[DIRECTIONS FOR THIS TASK]
Set down, exactly as written, the lines from the line holding "Ο Κριστιάνο απέναντι στην... πρώην!" to the end of the data, inclusive, skipping any pictures.

[DATA PROVIDED]
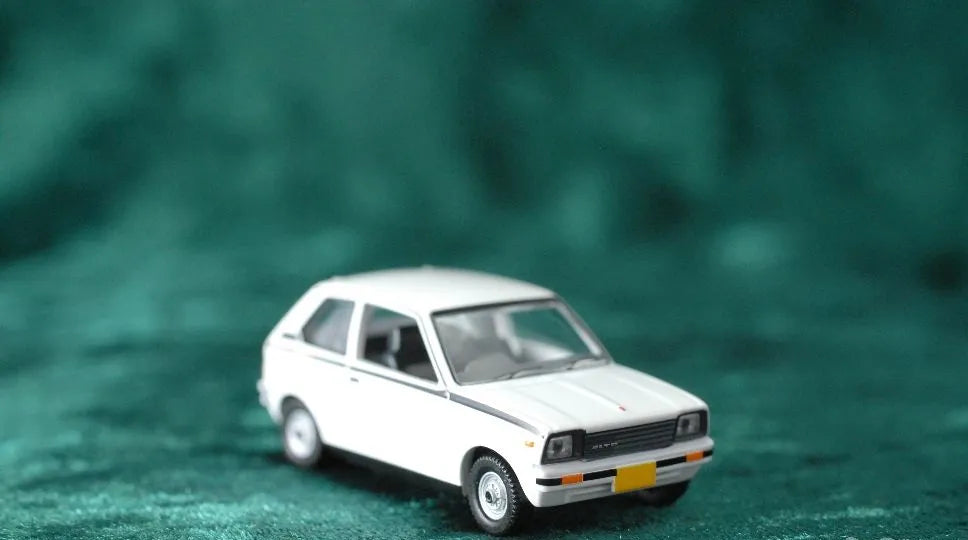 Tomy TLVN  Suzuki Alto G Type - (Suzuki FX)  White 28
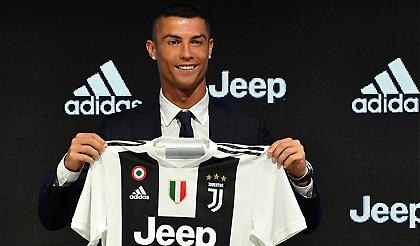 Ο Κριστιάνο απέναντι στην... πρώην!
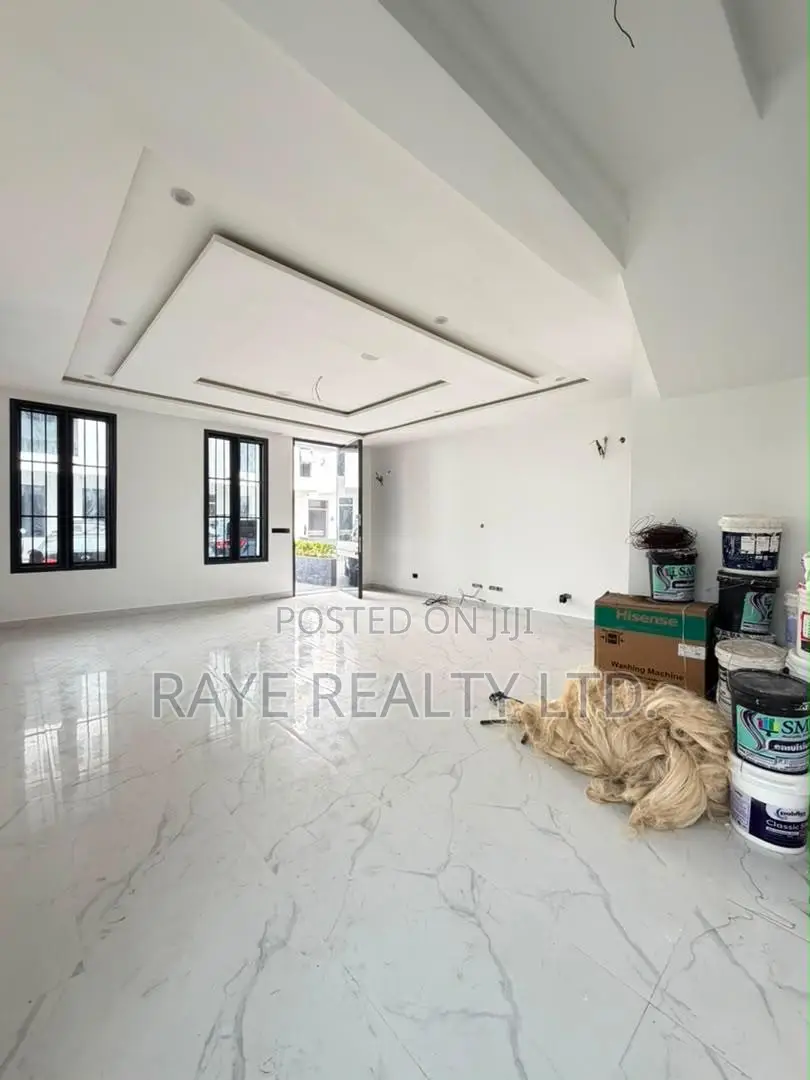 5bdrm Duplex in Lekki for sale in Lekki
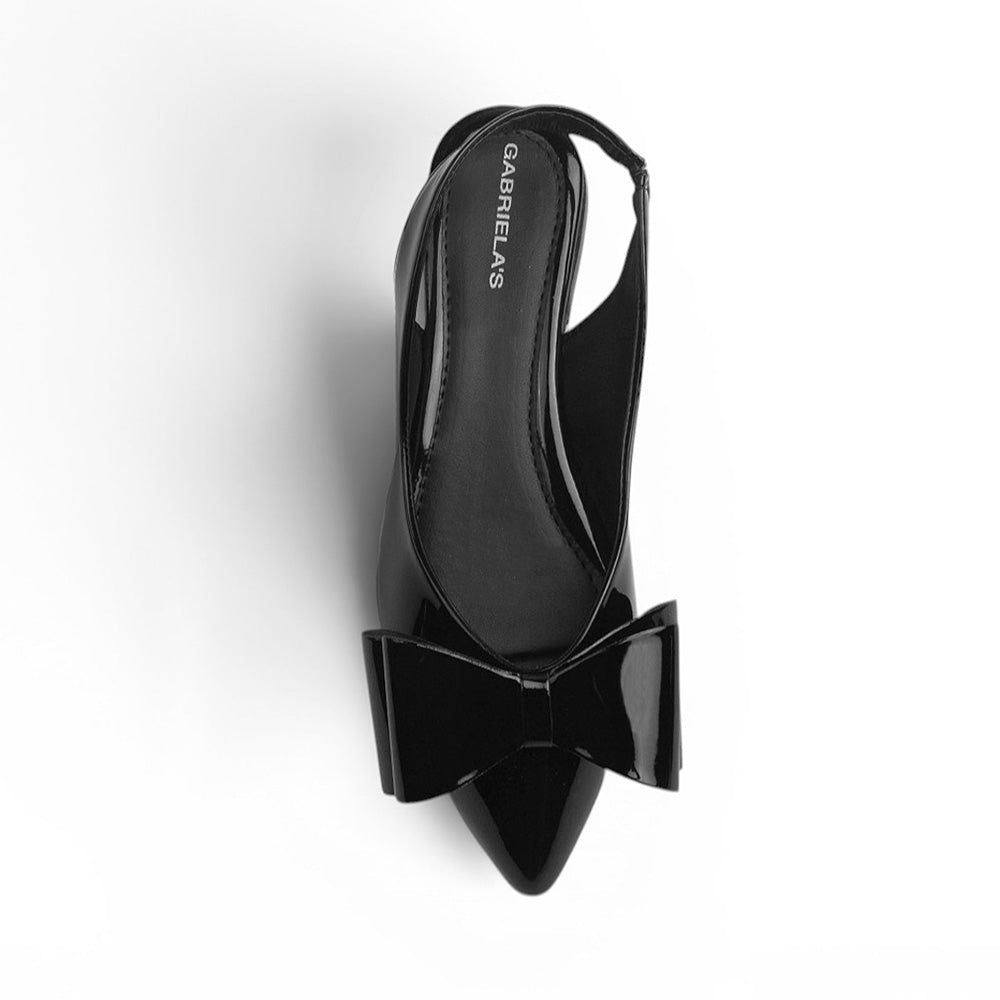 Vista superior de flat negro para mujer con moño grande en punta fina y correa ajustable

[SOLUTION]
 Ο Κριστιάνο απέναντι στην... πρώην!
 5bdrm Duplex in Lekki for sale in Lekki
 Vista superior de flat negro para mujer con moño grande en punta fina y correa ajustable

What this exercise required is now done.